# SGTP MARCH 11 shoot



## dpoole (Mar 5, 2017)

20 or so 3 d targets set up among the pines and briars.  Bufford is cooking his WORLD famous chicken.  Primitive fire building demo also. And who knows what else.  If you want to make a self bow this is the place to learn Hatchet Dan just waiting to make you break out a sweat doing it.


----------



## Barry Duggan (Mar 6, 2017)

I hear tell Danny and Donnie done re-hid some of the targets.


----------



## Stump Shooter (Mar 6, 2017)

May try and make it down if nothing changes. If I can would like to purchase one of those short billed SGTP hats if y'all have anymore.


----------



## dm/wolfskin (Mar 6, 2017)

I'm surprise they even find all the targets from the last shoot.


----------



## SELFBOW (Mar 6, 2017)

dm/wolfskin said:


> I'm surprise they even find all the targets from the last shoot.

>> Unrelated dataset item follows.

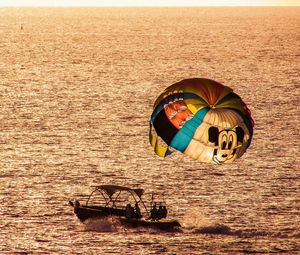 Preview wallpaper parasailing, paragliding, boat, sea, sunset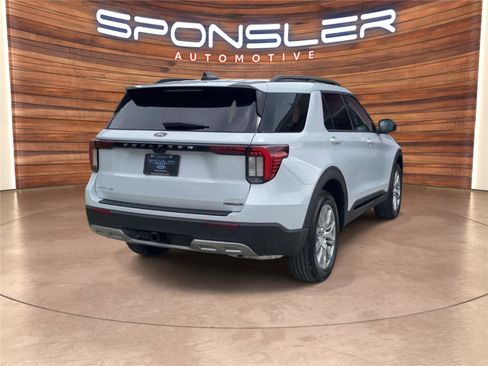 New 2026 Ford Explorer Active w/ Active Comfort Package AWD/4WD image 6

Maybe I need to move them further out than into the open next time!

Dan is making it less fun now a days w his setups....


----------



## Dennis (Mar 6, 2017)

It can be a bad joke at times it ain't no fun shooting at targets you can not see


----------



## dpoole (Mar 6, 2017)

Stump Shooter said:


> May try and make it down if nothing changes. If I can would like to purchase one of those short billed SGTP hats if y'all have anymore.



Do not have any of the hats sorry


----------



## dpoole (Mar 6, 2017)

dm/wolfskin said:


> I'm surprise they even find all the targets from the last shoot.



We moved the ones we could find


----------



## Stump Shooter (Mar 6, 2017)

Thanks Donnie, target's can't be that bad, weeds and briars ain't started growing good yet.


----------



## Barry Duggan (Mar 6, 2017)

Stump Shooter said:


> Thanks Donnie, target's can't be that bad, weeds and briars ain't started growing good yet.



Please don't say that.


----------



## dpoole (Mar 11, 2017)

Dennis said:


> It can be a bad joke at times it ain't no fun shooting at targets you can not see[/QUOT


----------



## dpoole (Mar 11, 2017)

Stump Shooter said:


> Thanks Donnie, target's can't be that bad, weeds and briars ain't started growing good yet.



If they wuz in wide open field they would complain about that


----------



## Stump Shooter (Mar 11, 2017)

Had a great time as usual. Good course, came out with all my arrows, see u folks next time Thanks.


----------



## Barry Duggan (Mar 12, 2017)

We had fun. Buford's chicken and ribs, and Wander's deserts  were worth the ride down, not to mention the other stuff.


----------